Na última noite de toiros no Campo Pequeno, um nome fez estremecer mais pela atitude do que pela actuação. Marcos Bastinhas, figura de sangue, herdeiro de dinastia, rompeu o compasso da festa com um gesto que muitos, e com razão, não entenderam. Eu também não entendi. E critiquei. Disse o que achava, como sempre faço, de frente, como se deve fazer. Porque os artistas, como os toureiros, têm o dever de se manter inteiros mesmo quando tudo dentro deles está em estilhaços.
Mas o tempo, que é como um touro difícil, ora humilha, ora levanta a cara e trouxe à “arena” uma revelação que muda a lide.
Soube-se depois que Marcos Bastinhas sofre de uma depressão. E aqui, meus senhores, o assunto muda de praça.

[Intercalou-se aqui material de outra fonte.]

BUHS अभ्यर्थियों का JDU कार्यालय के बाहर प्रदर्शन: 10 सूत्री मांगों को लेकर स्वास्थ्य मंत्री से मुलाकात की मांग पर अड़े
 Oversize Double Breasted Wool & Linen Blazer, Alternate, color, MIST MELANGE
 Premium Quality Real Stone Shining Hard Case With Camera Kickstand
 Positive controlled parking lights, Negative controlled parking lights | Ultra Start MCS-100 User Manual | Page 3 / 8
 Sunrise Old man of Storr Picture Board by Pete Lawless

Não, não venho branquear comportamentos nem justificar o injustificável. Quem pisa uma arena, seja ela de areia ou de vida, tem responsabilidades. Mas também tem limites. E se o corpo obedece à vontade, a mente, por vezes, trai. O que parece desrespeito pode ser dor. O que julgamos arrogância pode ser apenas um grito calado.
Não retiro uma vírgula ao que disse, porque foi o que vi, o que senti e o que, no momento, me pareceu justo. Mas hoje, com o pano já caído, talvez fosse mais justo ter visto mais fundo. Porque a fragilidade não se nota nas bandarilhas. Nota-se nos silêncios, nas ausências, nos gestos que destoam, como se o toureiro estivesse, afinal, a tourear dentro de si próprio um inimigo mais negro que qualquer toiro de Victorino.
Marcos Bastinhas errou. Mas não está bem. E isso muda tudo. Talvez devêssemos aprender a separar o homem do momento. E, quem sabe, aprender a escutar o que não foi dito. Porque até os mais bravos precisam, às vezes, de um tempo fora da arena.
Ao Marcos, que cure a alma com a mesma coragem com que tantas vezes enfrentou o toiro. E quando voltar, que venha inteiro. Porque o toureio precisa dele e nós também.